A little late to the discussion, but worth 2 cents...  Pardus is spot on, I am thinking "follow the money."  If there is money to be made, there will be someone willing to sell the guns.  The question should really be about whether we are able to maintain the Security Cooperation agreement with the post-US-assisted government.  Methinks.


----------



## Scotth (Feb 1, 2012)

I think the Saudi's will try to counter the influence of the Iranian's as much as they can.  The Saudi's will support the Sunni's and Iran will support the Shia.  I would bet 2-1 right now it will eventually lead to a full blown civil war to control the oil money.  I believe the Saudi's will do what ever is necessary to prevent Iran from taking full proxy control of the country.  The last thing the Saudi's want is Iran sitting on their door step.

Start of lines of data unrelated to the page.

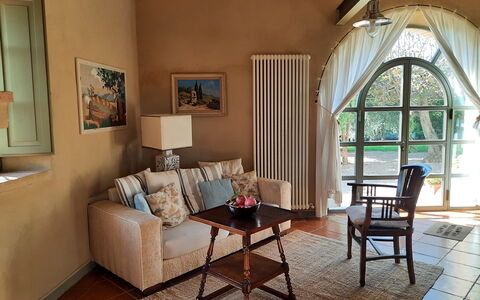 Villa San Giovanni: Mobilia, Proprietà, Tavolo, Cornice, Divano, Legna, Comfort, Interior Design, Illuminazione, Soggiorno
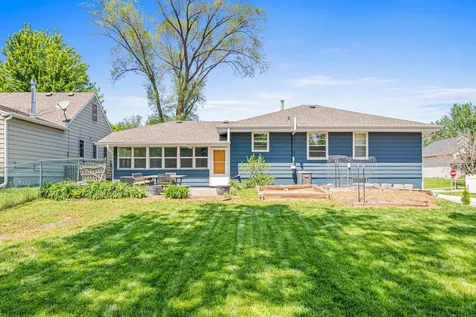 620 7th Street E Chaska MN 55318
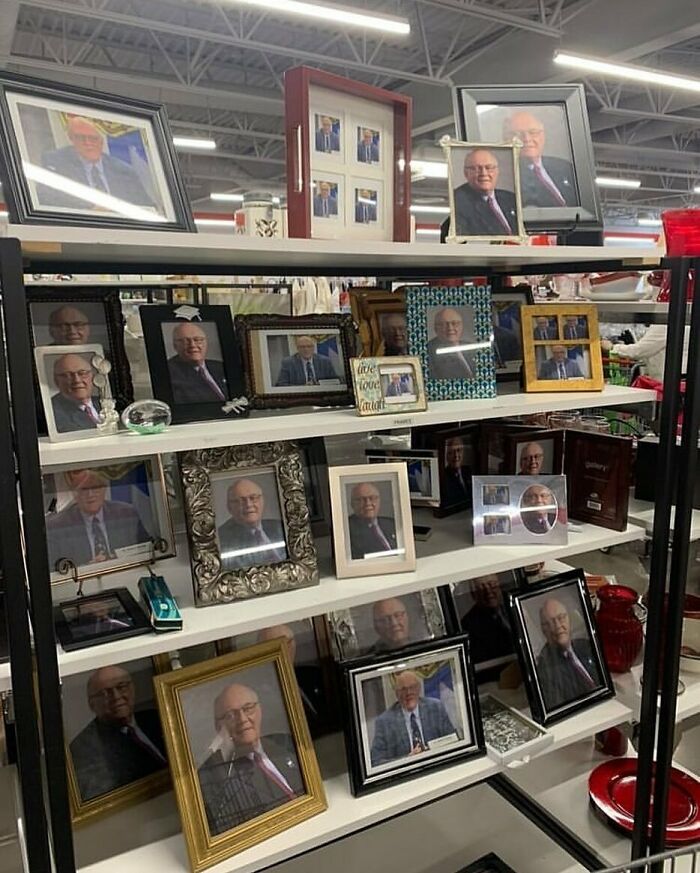 Alguien se divirtió mucho en esta tienda de segunda mano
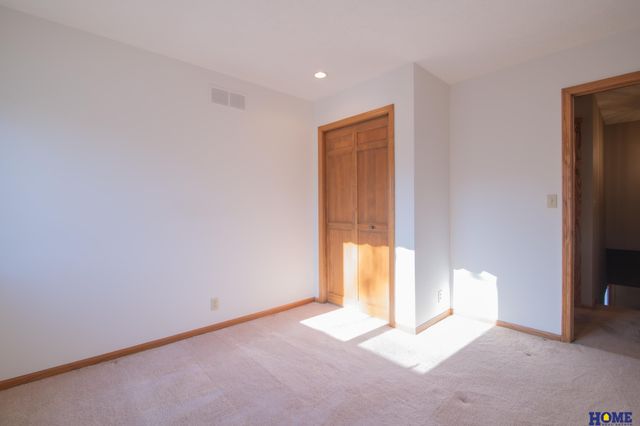 1205 Evergreen Drive, Lincoln, NE 68510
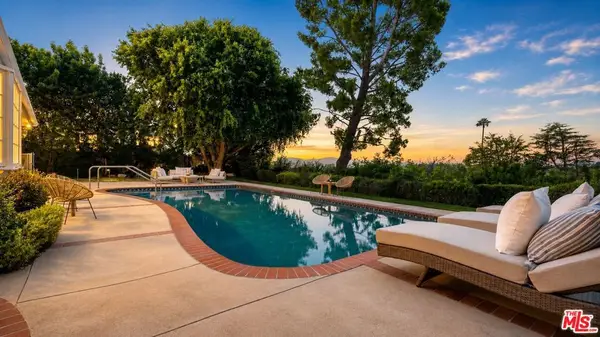 4236 Bonavita Drive, Encino, CA 91436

We will support the Saudi's giving them what ever they want but the Saudi's will have to do the heavy lifting trying to influence the outcome of our departure from Iraq.


----------



## tigerstr (Feb 1, 2012)

Scotth said:


> I think the Saudi's will try to counter the influence of the Iranian's as much as they can. The Saudi's will support the Sunni's and Iran will support the Shia. I would bet 2-1 right now it will eventually lead to a *full blown civil war* to control the oil money. I believe the Saudi's will do what ever is necessary to prevent Iran from taking full proxy control of the country. The last thing the Saudi's want is Iran sitting on their door step.
> 
> We will support the Saudi's giving them what ever they want but the Saudi's will have to do the heavy lifting trying to influence the outcome of our departure from Iraq.


 
Agree, but  would go for the three-way split scenario where Kurds at the North also try to go their own way, much to the dislike of Turkey.


----------